Lembrando sua própria experiência visitando a Índia, Ono citou o contraste entre o campo e a tecnologia em uso nas usinas. “No âmbito industrial, pode haver muita troca de tecnologias e processos, mas na área agrícola o Brasil está anos-luz à frente”, sintetisa. Nesse contexto, Cássio Bellintani Iplinsky citou que ao contrário das usinas brasileiras, as indianas utilizam um método de decantação para recuperar fermento resultando em adubo rico em nutrientes e citou o uso de biogás e calor residual, práticas menos comuns no Brasil, mesmo com as perspectivas de crescimento do biogás.
“Com essa demanda para o etanol, a Índia quer saber mais sobre a tecnologia do Brasil em relação ao etanol de caldo”, explica Cássio. Vale lembrar que até pouco tempo, o governo indiano não permitia a produção de etanol a partir do caldo de cana, que deveria ser usado exclusivamente para produzir açúcar. “O modelo agrícola indiano se assemelha ao de alguns países europeus com pequenas propriedades familiares, só que sem tecnologia. Se a Índia conseguir eficiência nesse modelo nos padrões europeus ou chineses, é possível que atinja suas metas para etanol no futuro, mas demora um pouco”, complementou Humberto, sem arriscar um prazo.
Para Martinho Ono, o quadro aponta para um mercado internacional de açúcar sem participação da Índia, consolidando a liderança do Brasil. “O consumo de açúcar no mundo cresce cerca de dois milhões de toneladas por ano, com 40% desse crescimento na própria Índia. A população jovem está saindo das áreas agrícolas em direção às urbanas, ampliando o consumo de produtos que usam o açúcar”, explica, comentando que qualquer desvio pelo governo indiano da produção de grãos para alimentar a população para a produção de energia é altamente improvável.
Na troca de impressões sobre a Índia, tanto Ono quanto os irmãos Bellintani Iplinsky constataram que a conjuntura indiana apresenta enormes desafios para aumentar a produção de etanol. Equacionar a pouca disponibilidade de terras agricultáveis e investimentos em infraestrutura de produção agrícola e industrial são alguns dos principais obstáculos. Mantido o compromisso do governo indiano com a mistura de 20% de etanol na gasolina, cresce a perspectiva de exportação de etanol brasileiro para a Índia, concluiu Ono.
Peculiaridades e Conjuntura
Entre os aspectos socioeconômicos e geográficos observados pelos irmãos Bellintani Iplinsky, chama atenção a área da Índia, que equivale a 38% do território brasileiro mas com densidade populacional sete vezes maior. O foco principal de atividade do agro visa a segurança alimentar de sua vasta população, superior a 1 bilhão e 400 milhões.

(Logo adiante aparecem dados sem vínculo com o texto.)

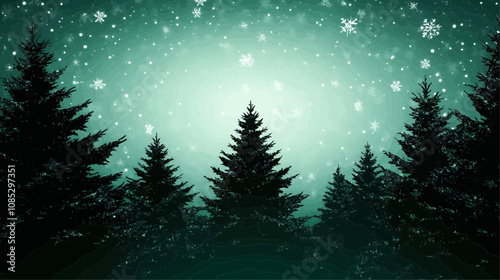 A captivating night scene depicting a serene forest with glowing green light and twinkling stars, evoking a sense of mystery and enchantment under the starry sky.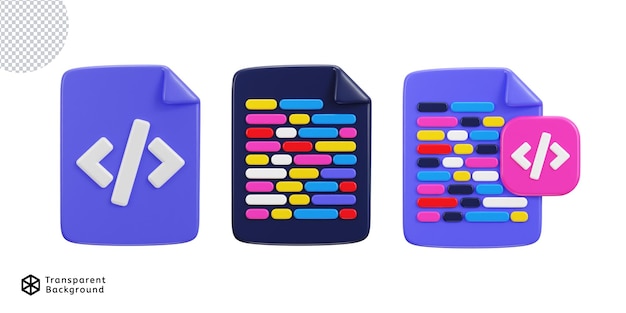 Linguaggio di codifica di sviluppo web 3D sulla pagina web set di icone di programmazione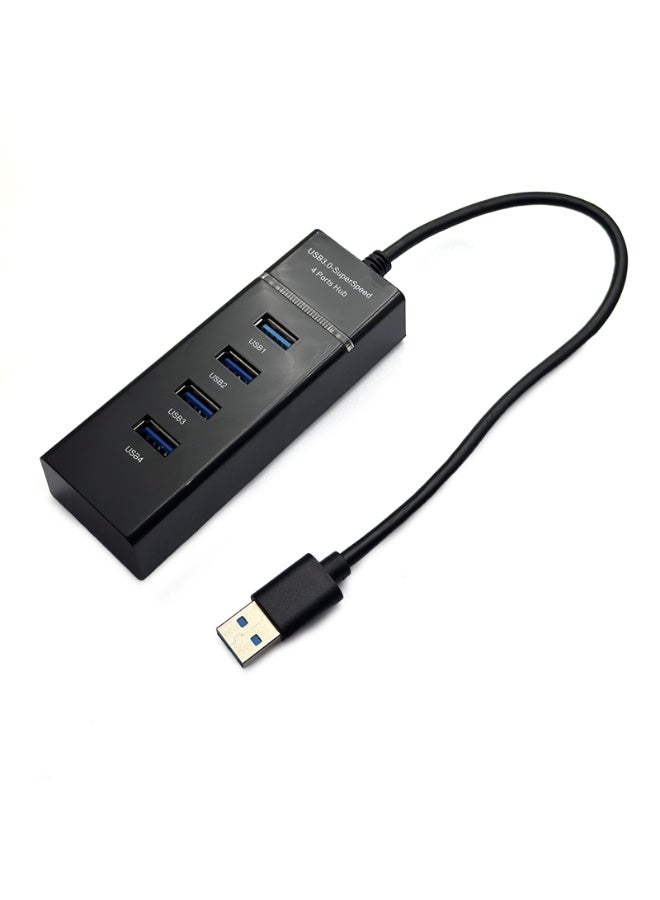 موزع USB 3.0 رباعي المنافذ فائق السرعة 5 جيجابت في الثانية مع كابل بطول 1.2 متر، أسود اللون، متوافق مع ملحقات أجهزة الكمبيوتر المحمولة والمكتبية. - Image 4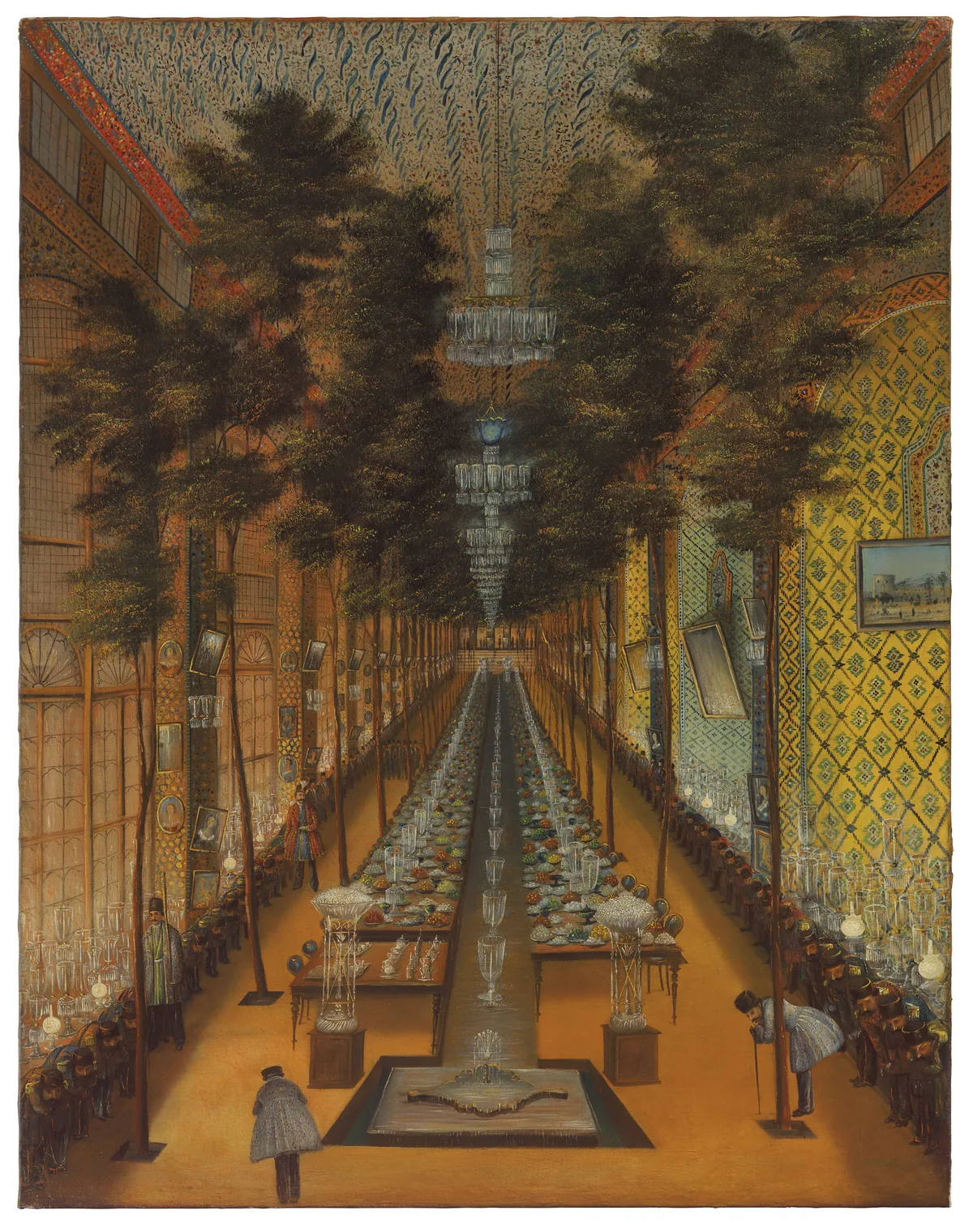 A royal banquet in the gardens of Golestan Palace during the Qajar period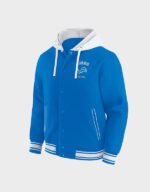 detroit lions blue hooded jacket
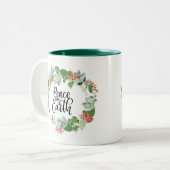 水彩リースピースオンアース ツートーンマグカップ (正面左)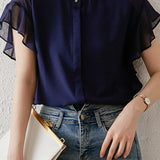 Solid-color Round-neck Ruffled Shirt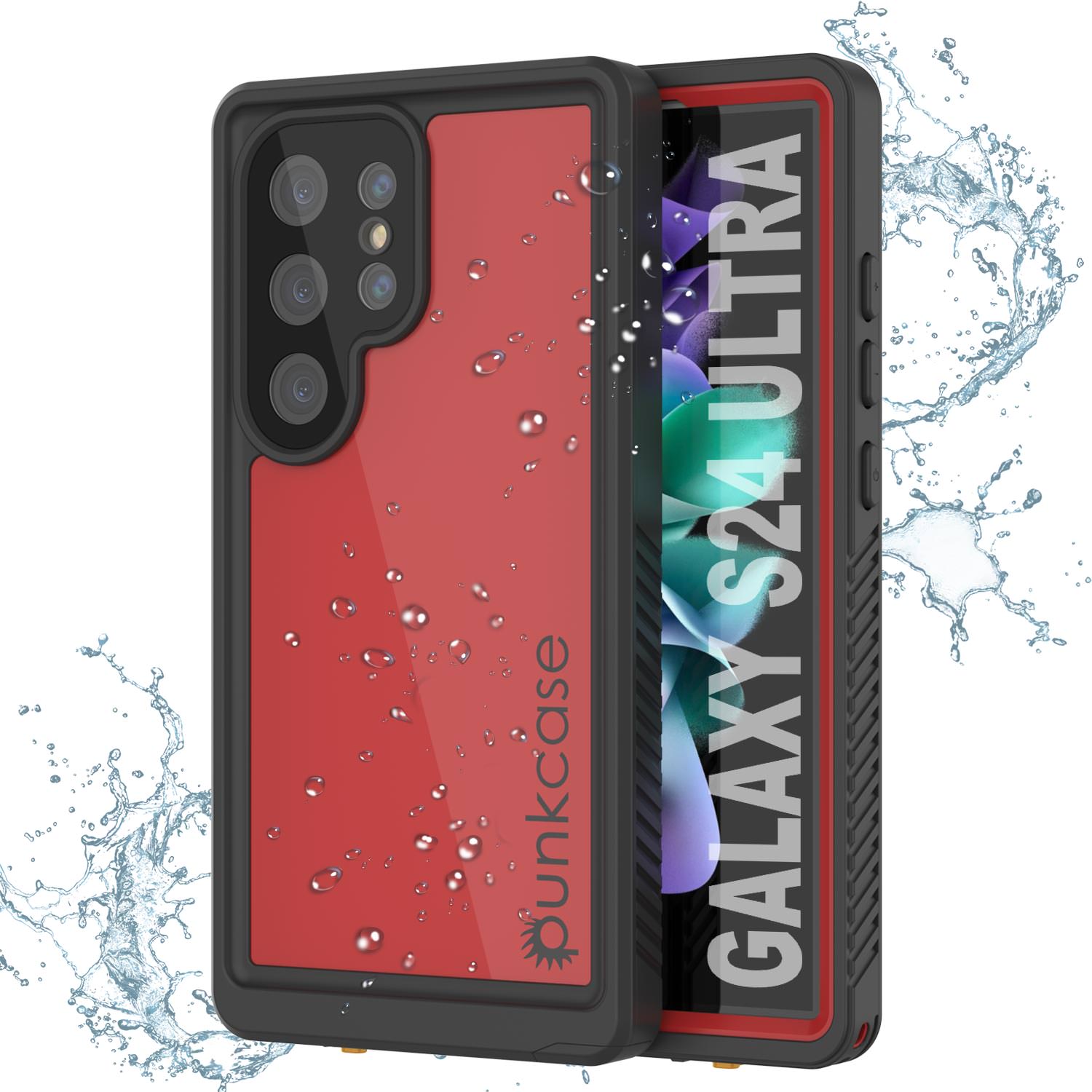 Galaxy S24 Ultra Waterproof Case PunkCase StudStar Red Thin 6.6ft Underwater IP68 Shock/Snow Proof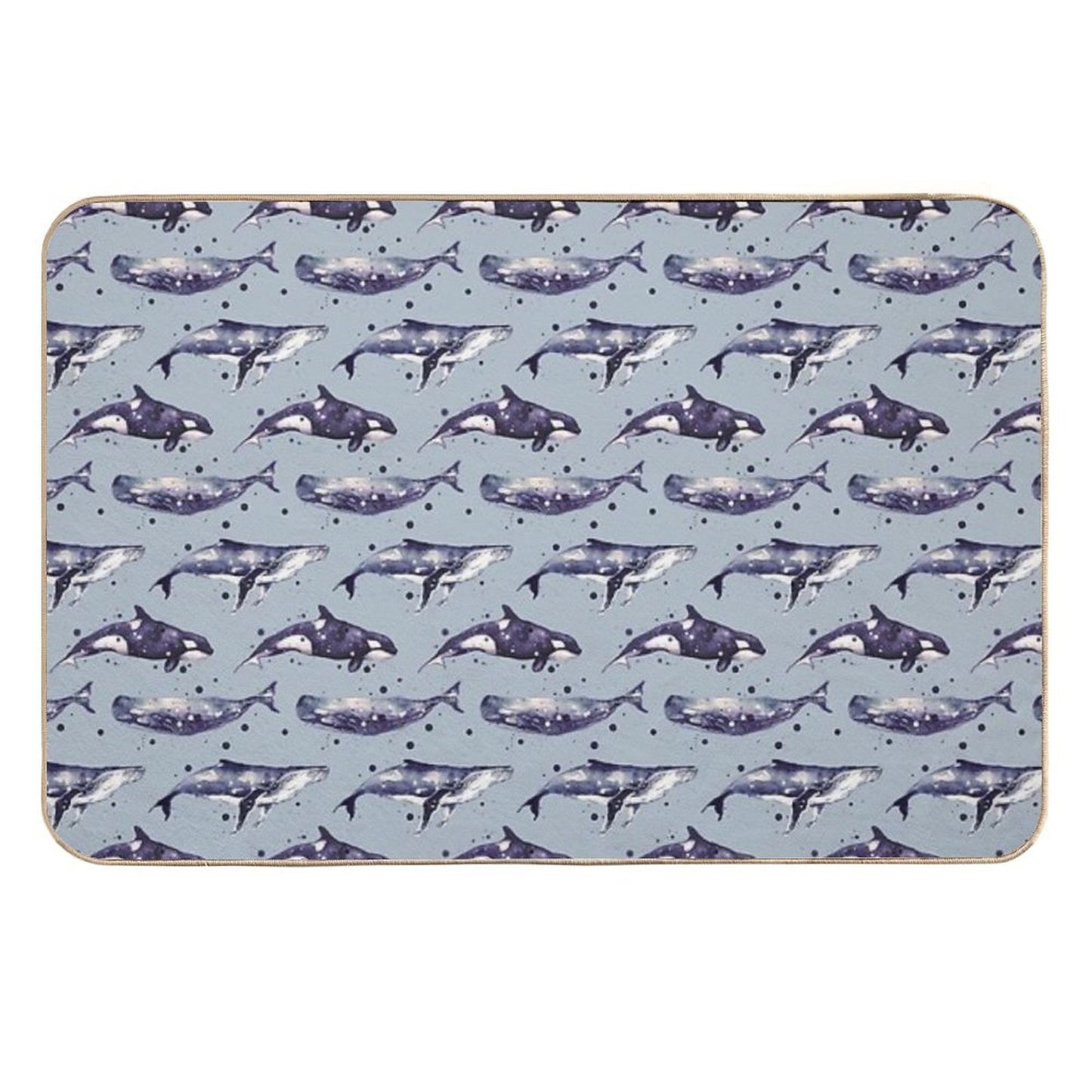Watercolor Whale Trio in Grey  Eco-Friendly Bath Mat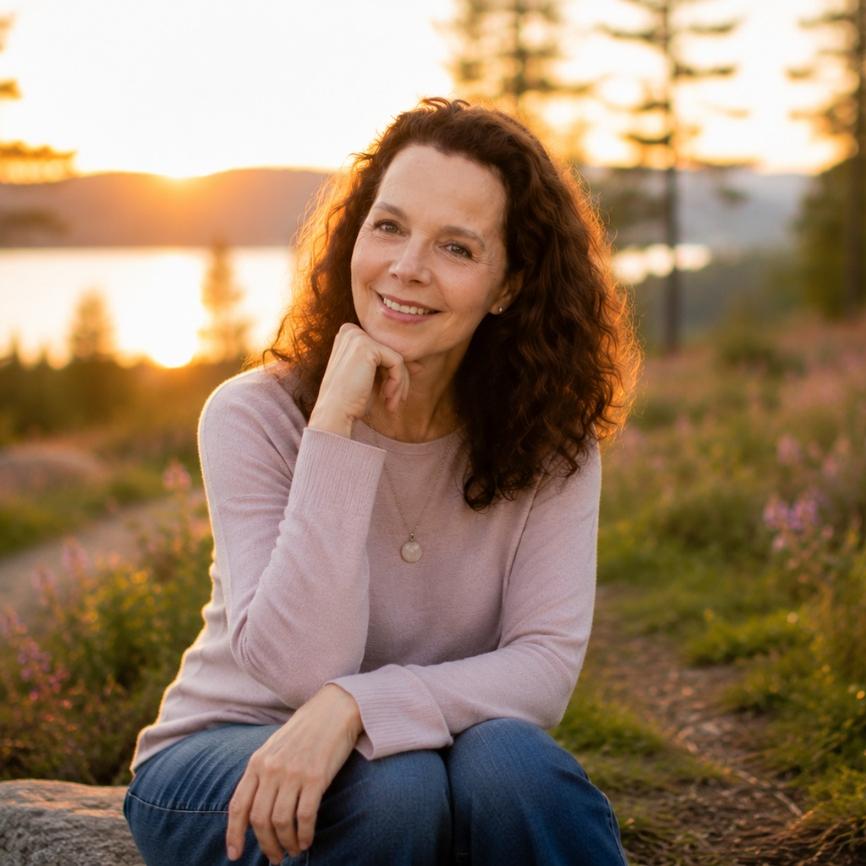Sabina M. Schwaninger sitzt bei Sonnenuntergang an einem See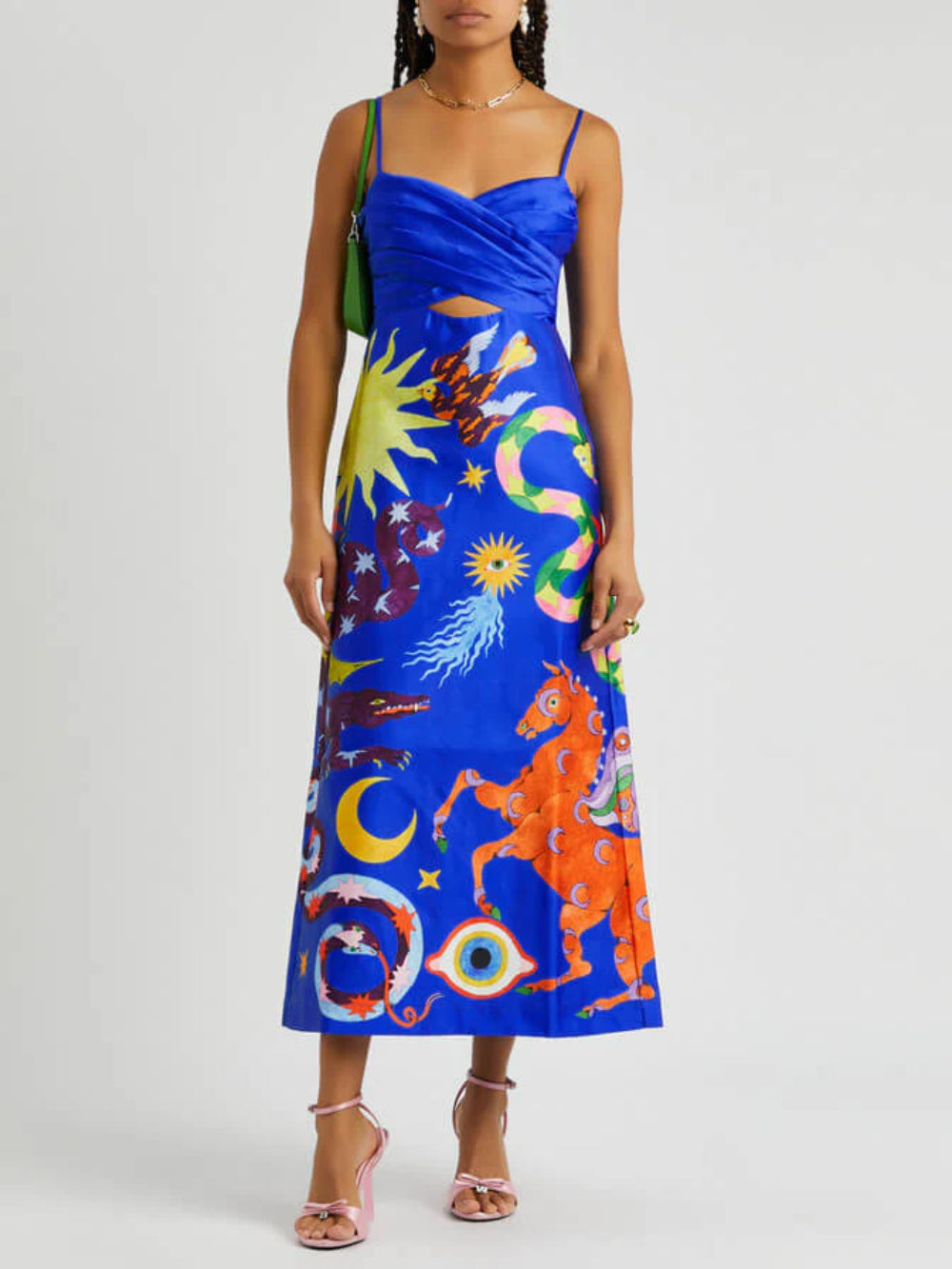 Sexy Satin Backless Floral Cami Dress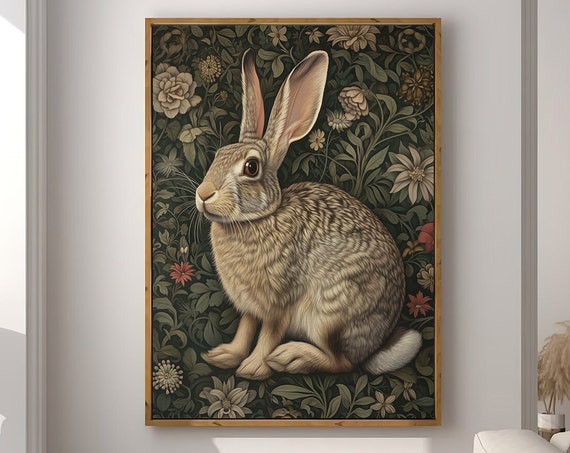William Morris Inspired Rabbit Art Print, Bunny Decor
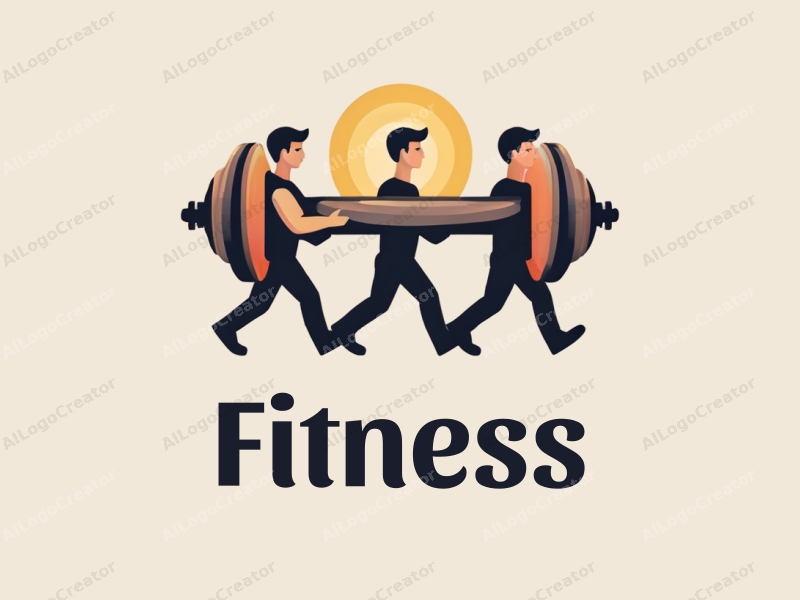 modern design features stylized dumbbells and running figures, combined with a clean background and a harmonious layout.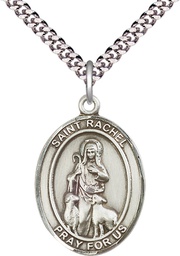 [7251SS/24S] Sterling Silver Saint Rachel Pendant on a 24 inch Light Rhodium Heavy Curb chain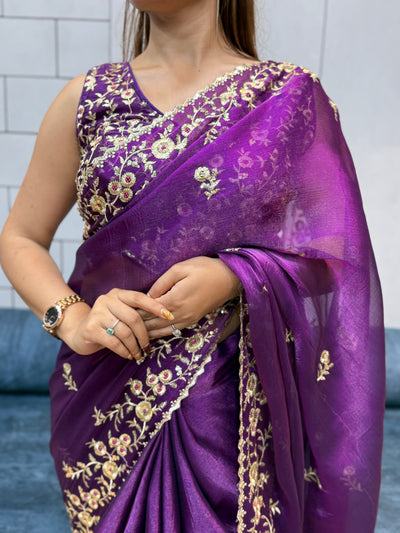 Jamuni Purple Space silk Saree with Golden Floral Embroidery & Designer Blouse - Festive & Party Wear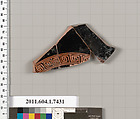 Terracotta fragment of a kylix (drinking cup), Terracotta, Greek, Attic
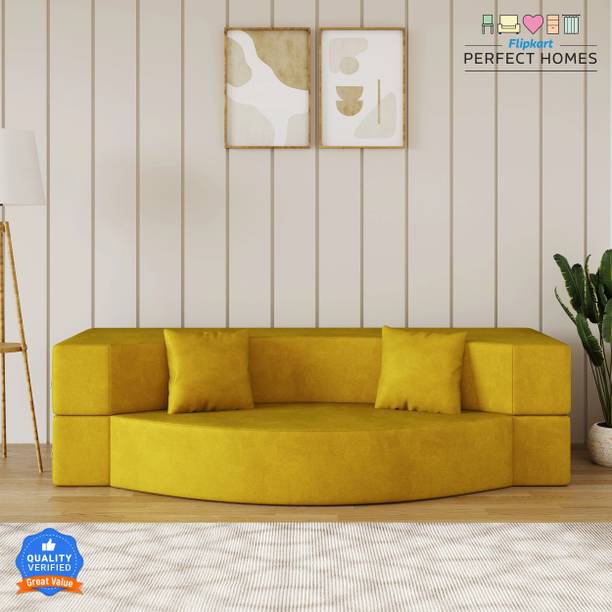 Flipkart Perfect Homes Chessis Comfortable Sleeper Sofa Bed for Home 2 Cushions (3*6) 2 Seater Single Foam Pull Out Sofa Cum Bed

Tanto quanto os governos de Índia e Brasil, o principal interesse dos executivos nessas viagens é o intercâmbio. No dia seguinte ao diálogo entre os executivos da Usina Rio Verde e o CEO da SCA Brasil, uma comitiva comercial da Índia chegava ao país a convite da Agência Brasileira de Promoção de Exportações e Investimentos (APEX), já que o país é um importante parceiro comercial do Brasil, com produtos agrícolas e de tecnologia.
Em 2023, segundo dados da APEX, as exportações brasileiras para a Índia alcançaram US$ 4,7 bilhões, com destaque para as vendas de gorduras e óleos vegetais, açúcares e melaços e óleos brutos. O fluxo comercial entre os países atingiu US$15,2 bilhões em 2022, um recorde, com crescimento de 31,4% em relação a 2021. A matriz energética indiana depende fortemente do carvão, responsável por quase 60% da capacidade de geração elétrica do país. A Índia tem grandes reservas de carvão, e a infraestrutura para geração de energia térmica baseada nesta fonte é bem estabelecida, matriz energética antagônica à sustentabilidade que a Índia busca com o aumento da mistura de etanol na gasolina.